Sunday, February 7, 2010

Early February. This year the snowy season has been very bearable for me. I'd go so far as to say it's been nice. It's the kind of winter I remember from childhood; a crisp and cold-fresh, warm mittens and hot chocolate, icicles, sparkly snow sort of winter. The kind of winter Minnesotans embrace, making other people wonder about us.

And just around the corner - seed catalog time! I don't have the spot for a garden (and I'm using the word garden in the most reverent sense - the 'working garden,' all rowed up with edible, preservable foods), nor the time to care for and harvest one, although I sure wish I did. I have to suffice with planting a lot of flowers everywhere, instead.

Mom and Dad always had huge gardens full of potatoes, corn, peas, carrots, tomatoes: red and yellow, leaf lettuce, beans: green and purple, beets, squash: many kinds, rhubarb, strawberries, sunflowers, cucumbers, dill, all indescribably delicious, coming straight from the earth to our mouths, as they did.

We had two big gardens; I remember being excited to help with the planting. Each row was critically spaced, measured the length of a metal post apart. A length of twine pulled taut across the vast width of the garden was the guide for each hoe'd row. Then, pull up the fence posts, move another row-length down, stretch the twine across and hoe another. Dad did the hoeing; we kids dropped in the seeds, covered the rows with the dark soil, and set the seeds but walking once, across the top of each row, with bare feet. When one finished walking over the row, it looked very much (we thought) like tractor tire marks.

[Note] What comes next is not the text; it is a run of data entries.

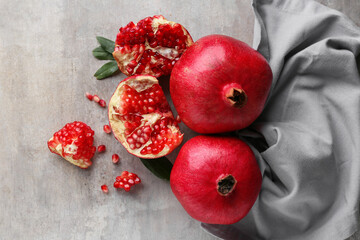 Fresh ripe pomegranates with leaves and seeds on grey background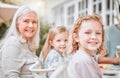 Go home and love your family. two girls and their grandma sitting at a tablet at home.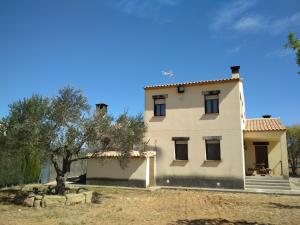 a large white house with a tree in front of it at La Era en Guara in Ibieca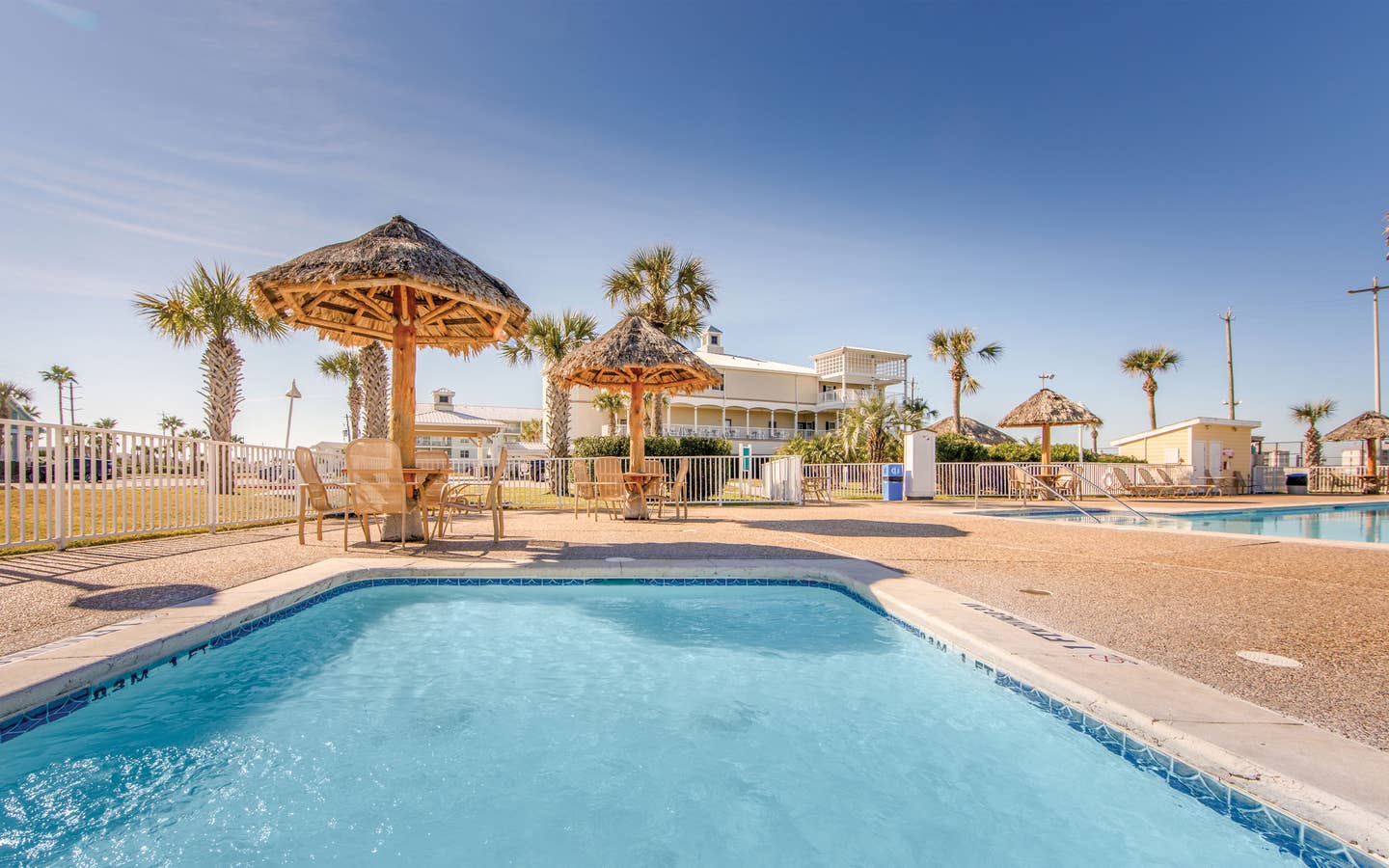 Outdoor pool surrounded by palm trees at Galveston Seaside Resort.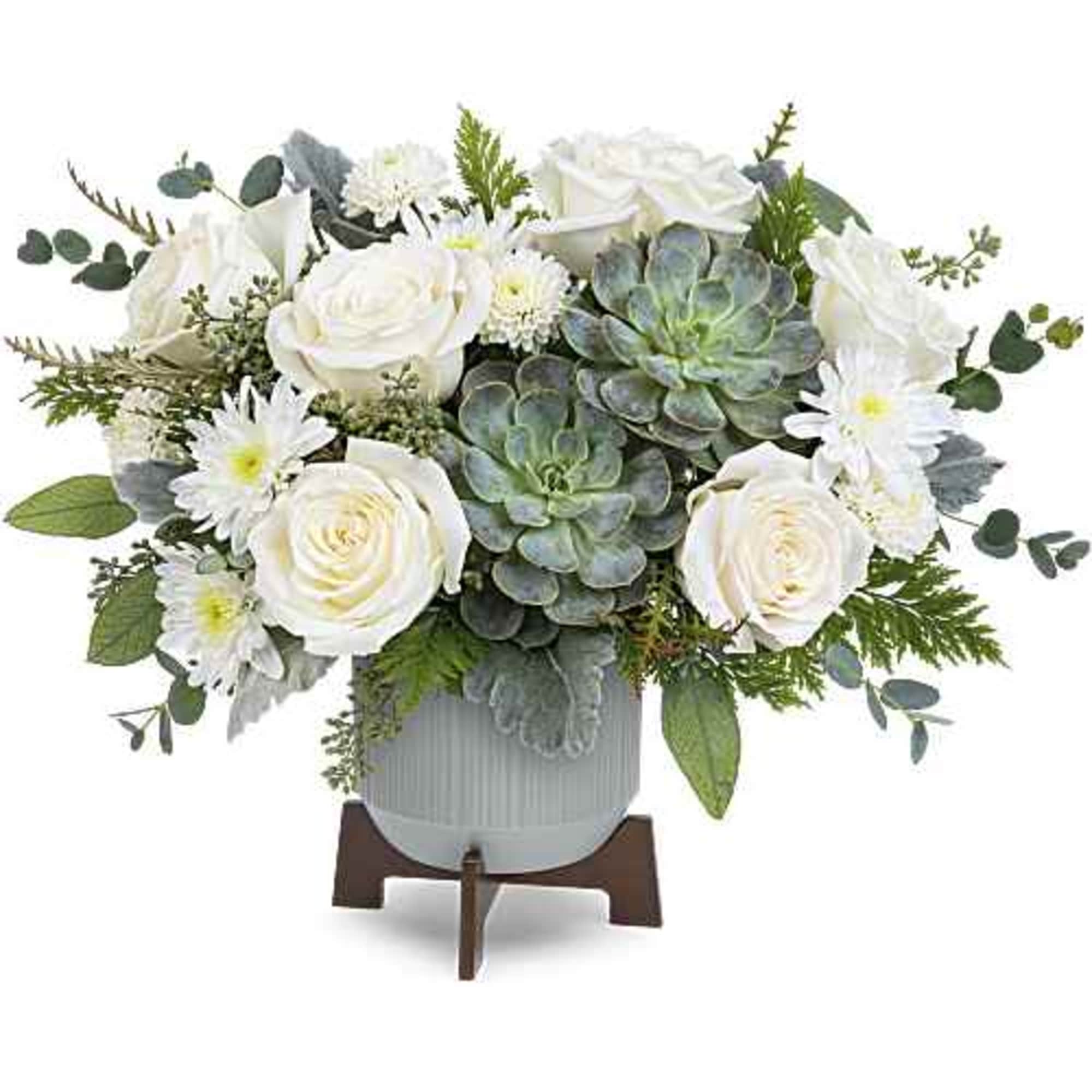 Inspired by tranquil clouds, this elegant bouquet of white blooms and varying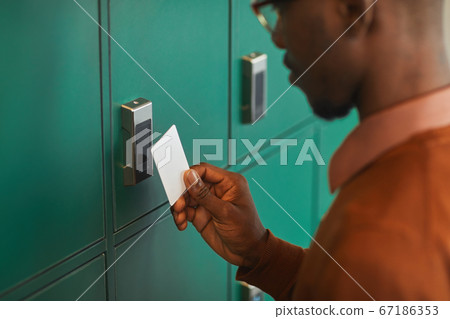 African-American Man Opening Locker African-American Man Opening Locker 67186353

There were flowers too, poppies one year; nodding red and pink along the north side. Dad planted gourds and pumpkins for us too, hugely fun for later in the fall.

There was also weeding, (which I only remember with fondness, truly) and of course the picking, shelling, husking, snapping, and various states of harvesting. Storing, freezing and canning. And all the while, eating. Meals in late summer went right from garden to table. Someone was always husking ears of corn on the back deck before dinner.

It never seemed like work, at least as I recall. Although Mom and Dad certainly did the majority of the 'big work' and we had a whole passel of kids in our family to share the weeding and picking duties.

What it did seem was sunshine and summer rain. Warm endless days, blue skies.

It was good growing weather.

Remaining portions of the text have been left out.